There’s no small irony in a fresh-faced drum & bass producer immediately establishing himself by producing immaculate tunage and jungle chop-ups that are nevertheless the kind of by-the-book genre standards that might be expected from somebody more experienced and therefore stuck in their old ways. No matter how good
Perspective is - and, believe me, it really sounds excellent - it still sounds just a smidge like a rehash of the kinds of ideas producers have been tossing around for the better part of the last 10 years or so. There’s the ghostly MC DRS-captained roller (“City Of Injustice”), understated piano and melancholy bass completing the picture. There’s the rude low-end smasher (“Between The Sides”), the kind of tune you’d expect Skankandbass to post to his Facebook with an accompanying description of “Straight merkage” or “WOISON DUCK.” There’s the shuffling, piano-driven liquid soul (“Inside My Head”), warm and enveloping and staticky and, unfortunately, done to death.
That being said, Anile’s still left some room to breathe here. There’s a lot of looking backwards here, sure, but he’s left some opportunities to look forward as well. Anile has made his name by mixing pristine harmonies and spectral chords with splashy jungle breaks and unforgiving bass, and
Perspective is at its best when he’s in his element. “Not The Way (To Run),” by far the best not-already-released track on the album, derives its excellence from its sense of melancholy. Taelimb, one of the most exciting young DnB producers today, lends his signature crunch to a grungy chordal backdrop, and the end result is a wistful masterpiece of sedate low-end and gliding drums.

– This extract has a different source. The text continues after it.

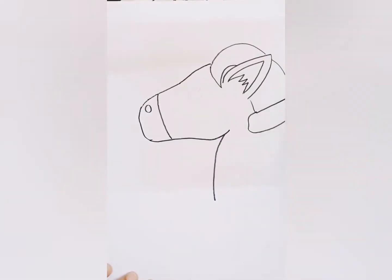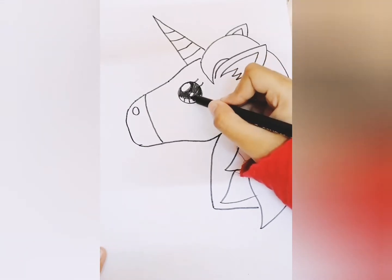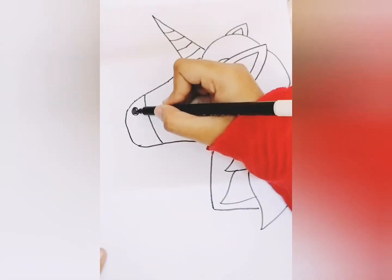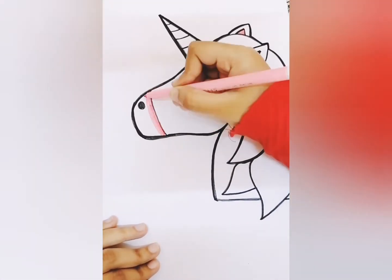Hey guys, what's up! Today I'm doing a unicorn — I'm drawing it from Google. Now I'm gonna do her eyes.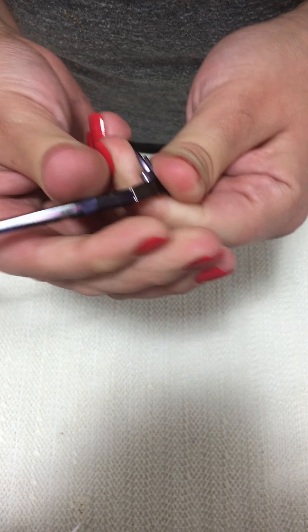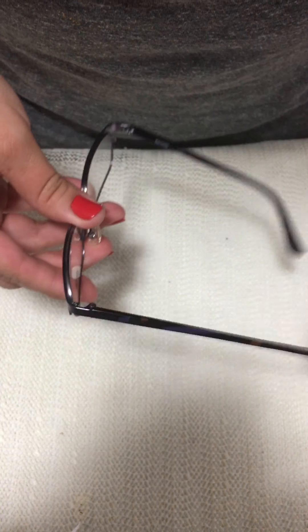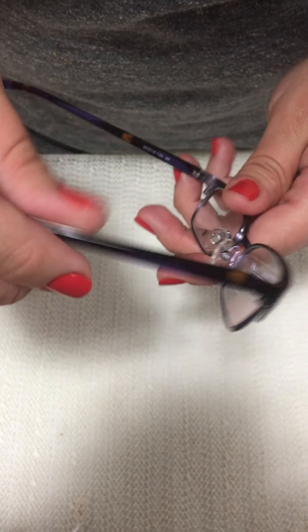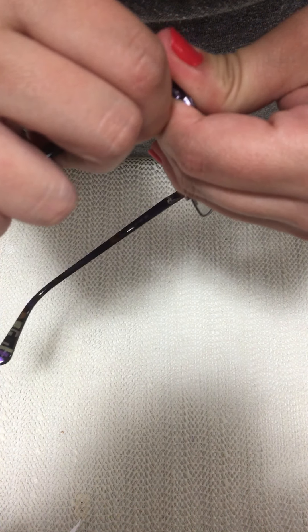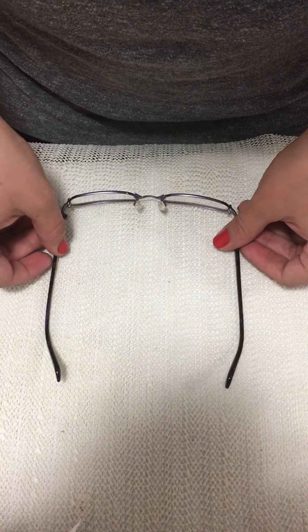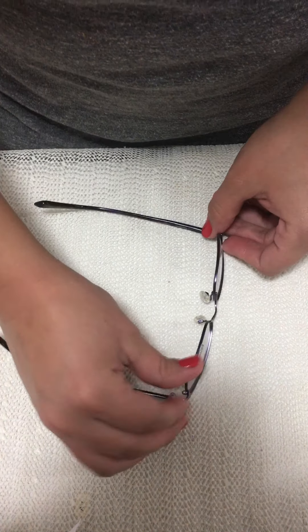I can also use my fingers to do this — it does put a little pressure on your fingers. Now that looks a lot better; it still has pantoscopic tilt but not as much. This is the side we just did, and the other side looks quite different, so I'll do the same thing to that side — push it a little bit up. Now it's looking a lot better and everything checks out.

“Not The Way (To Run)” is so good in part because of its exemplary collision of bass and subdued mid-range, of course, but it’s also so good because it’s a break from the retreading that happens a bit too often here. Some of the songs here - “Seventh Sound” and “Losing My Mind” chief among them - are brilliant in the way they collide pained soul with rowdy jungle, but they only make up part of the album. The rest, while good, tightrope a little too closely to the stuff that only really works in small doses - straight-ahead rollers and straight-ahead liquid just aren’t exciting enough anymore to fill a whole hour’s worth of recording time.
Perspective, in some respects, is a tasteful balance of looking forward while keeping an eye on the past - but it could have afforded to look forward just a bit more.